AI MACHINE LEARNING: DIMENSION REDUCTION FACTOR ANALYSIS (UNSUPERVISED)

Related AI/ML Methods: Dimension Reduction Principal Component Analysis
Related Traditional Methods: Factor Analysis, Principal Component Analysis

This method runs Factor Analysis to analyze interrelationships within large numbers of variables and simplifies said factors into a smaller number of common factors. The method condenses information contained in the original set of variables into a smaller set of implicit factor variables with minimal loss of information. The analysis is related to Principal Component Analysis (PCA) by using the correlation matrix and applying PCA coupled with a Varimax matrix rotation to simplify the factors. The same results interpretation is used for Factor Analysis as for PCA. For instance, Figure 9.66 illustrates an example where we start with 9 independent variables that are unlikely to be independent of one another, such that changing the value of one variable will change another variable. Factor analysis helps identify and eventually replace the original independent variables with a new set of fewer variables that are less than the original but are uncorrelated to one another, while, at the same time, each of these new variables is a linear combination of the original variables. This means most of the variation can be accounted for by using fewer explanatory variables. Factor analysis is therefore used to analyze interrelationships within large numbers of variables and simplifies said factors into a smaller number of common factors. The method condenses information contained in the original set of variables into a smaller set of implicit factor variables with minimal loss of information.

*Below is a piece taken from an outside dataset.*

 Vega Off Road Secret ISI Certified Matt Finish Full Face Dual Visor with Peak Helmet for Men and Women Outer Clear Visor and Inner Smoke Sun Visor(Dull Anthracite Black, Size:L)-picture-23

The data input requirement is simply the list of variables you want to analyze (separated by semicolons for individual variables or separated by a colon for a contiguous set of variables, such as VAR105:VAR113 for all 9 variables).

Figure 9.66: AI/ML Dimension Reduction Factor Analysis (Unsupervised)

We started with 9 independent variables, which means the factor analysis results will return a 9×9 matrix of eigenvectors and 9 eigenvalues. Typically, we are only interested in components with eigenvalues >1. Hence, in the results, we are only interested in the first four factors or components. Notice that the first four factors (the first four result columns) return a cumulative proportion of 72.31%. This means that using these four factors will explain 72.31% of the variation in all the independent factors themselves. Next, we look at the absolute values of the eigenvalue matrix. It seems that variables 2, 3, 7, 8 can be combined into a new variable in factor 1, with variables 1 and 9 as the second factor, and so forth.